Notes: 如果str_c()设置了collapse = ", "的默认值，commas函数对collapse 默认值的修改，无法传递给str_c()

commas <- function(...,collaspe=",") stringr::str_c(..., collapse = ", ")
> commas(letters)
[1] "a, b, c, d, e, f, g, h, i, j, k, l, m, n, o, p, q, r, s, t, u, v, w, x, y, z"
> commas(letters,collaspe = "-")
[1] "a, b, c, d, e, f, g, h, i, j, k, l, m, n, o, p, q, r, s, t, u, v, w, x, y, z"

需要一个中间变量传递

commas <- function(...,collaspe=",") {
  a <- collaspe
  stringr::str_c(..., collapse = a)
}
> commas(letters,collaspe = "-")
[1] "a-b-c-d-e-f-g-h-i-j-k-l-m-n-o-p-q-r-s-t-u-v-w-x-y-z"

It’d be nice if you could supply multiple characters to the pad argument, e.g. rule("Title", pad = "-+"). Why doesn’t this currently work? How could you fix it?

rule <- function(..., pad = "-") {
  title <- paste0(...)
  width <- getOption("width") - nchar(title) - 5
  cat(title, " ", stringr::str_dup(pad, width%/%str_length(pad)), "\n", sep = "")
}
rule("Important output",pad="+-")
Important output +-+-+-+-+-+-+-+-+-+-+-+-+-+-+-+-+-+-+-+-+-+-+-+-+-+-+-+-+-+-+-+-

What does the trim argument to mean() do? When might you use it?
trim在计算平均值之前，从x的两端总共截断分数（0-0.5）倍数量的观测值。trim值之外范围的值被认为是最接近的终点。
使用trim 值进行计算的平均值，称为：截断均值。在统计学里面一般是去除最高端的5%和最低端的5%。当然为了满足不同的需求，不一定是5%，但是一般都是高端和低端同时去除同样比例的数据。
目的主要是为了避免部分极高值和极低值对于数据整体均值的影响，从而使平均值对整体更加有代表性。
最典型的例子是：奥运会上，体操运动员的得分，要将所有裁判的打分，去掉1个最高分，1个最低分，其余的平均值及为运动员的最后得分。
The default value for the method argument to cor() is c("pearson", "kendall", "spearman"). What does that mean? What value is used by default?

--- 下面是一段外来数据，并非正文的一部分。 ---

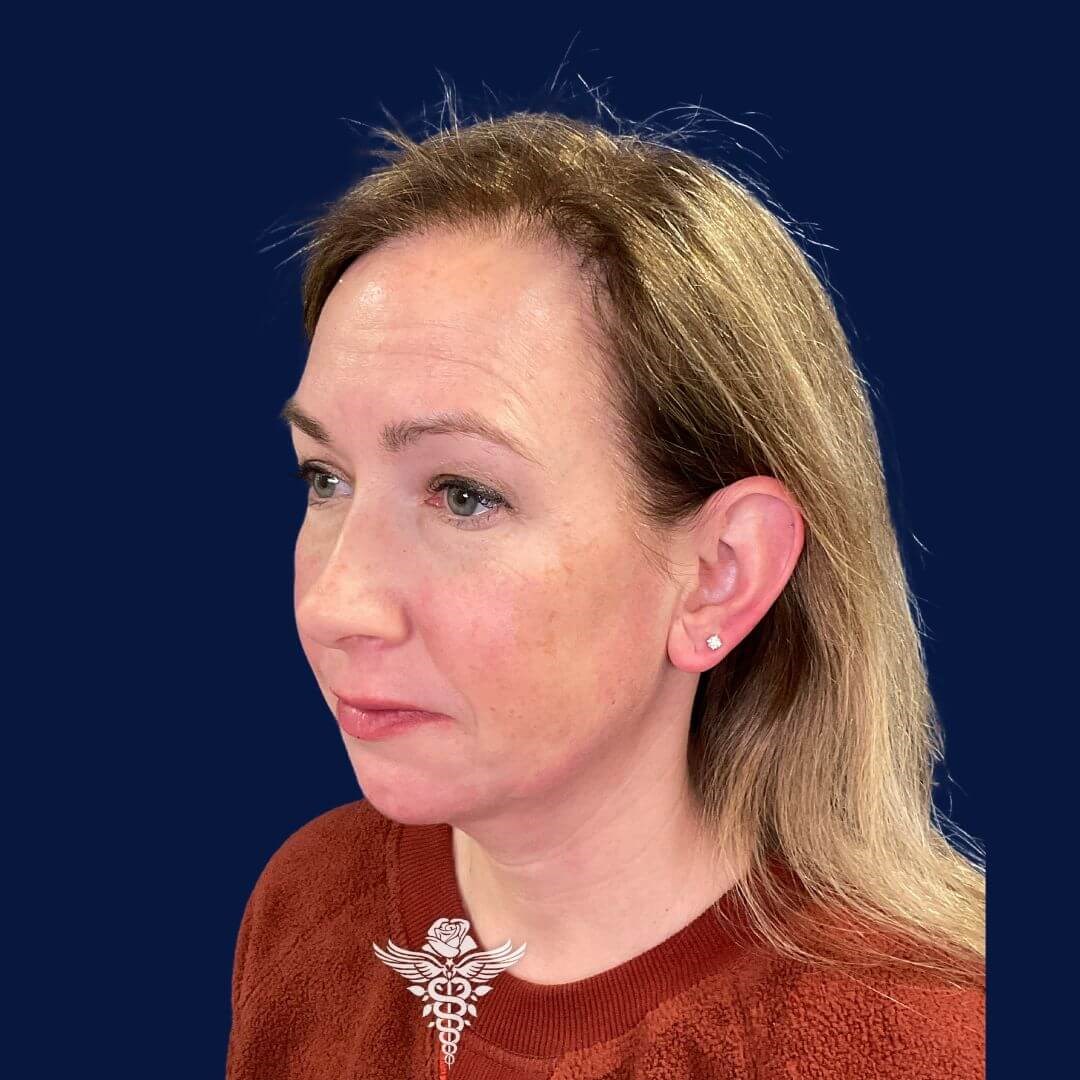 Chin Augmentation After
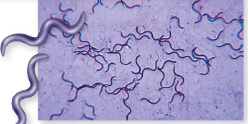 <p>Spirillum - rigid </p><p>Spirochete - flexible</p>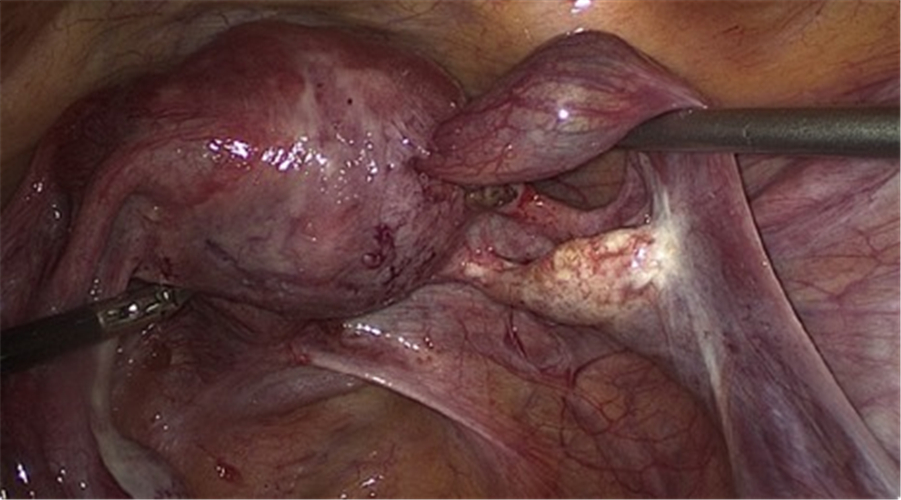 输卵管嵌顿宫外孕图片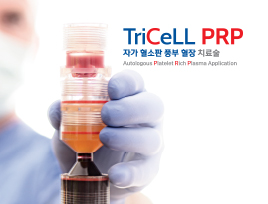 TriCeLL PRP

pearson correlation coefficient（皮尔森相关性系数）是一种最简单的反应特征和响应之间关系的方法。这个方法衡量的是变量之间的线性相关性。
spearman correlation coefficient（斯皮尔曼相关性系数）通常也叫斯皮尔曼秩相关系数。“秩”，可以理解成就是一种顺序或者排序，那么它就是根据原始数据的排序位置进行求解。
kendall correlation coefficient（肯德尔相关性系数），又称肯德尔秩相关系数，它也是一种秩相关系数，不过它所计算的对象是分类变量。
默认值是“pearson”。

19.6 Return values 返回值

函数的返回值，是你创建函数的目的。需要考虑2个问题：

提前返回值是否使函数更容易读？
能否让函数通过管道符传递？
19.6.1 Explicit return statements

返回值一般是最后计算的值。
可以使用return()函数，提前返回值。
I think it’s best to save the use of return() to signal that you can return early with a simpler solution.
- A common reason to do this is because the inputs are empty。
- Another reason is because you have a if statement with one complex block and one simple block.
If the first block is very long, by the time you get to the else, you’ve forgotten the condition. One way to rewrite it is to use an early return for the simple case:

f <- function() {
  if (!x) {
    return(something_short)
  }

  # Do 
  # something
  # that
  # takes
  # many
  # lines
  # to
  # express
}

19.6.2 Writing pipeable functions

return value’s object type will mean that your pipeline will “just work”. For example, with dplyr and tidyr the object type is the data frame.
There are two basic types of pipeable functions: transformations and side-effects.
- transformations: 将一个对象传递给函数的第一个参数，并返回一个修改后的对象。
  an object is passed to the function’s first argument and a modified object is returned.
- side-effects: 传递的对象没有被转换。该函数对对象执行操作，如绘制绘图或保存文件。副作用函数应该在不可见的情况下返回第一个参数，这样即使它们没有被打印出来，仍然可以在管道中使用。
  the passed object is not transformed. Instead, the function performs an action on the object, like drawing a plot or saving a file. Side-effects functions should “invisibly” return the first argument, so that while they’re not printed they can still be used in a pipeline.

19.7 Environment

Environments are crucial to how functions work.
The environment of a function controls how R finds the value associated with a name.
R uses rules called lexical scoping to find the value associated with a name.
Since y is not defined inside the function, R will look in the environment where the function was defined.
R places few limits on your power.You can do many things that you can’t do in other programming languages.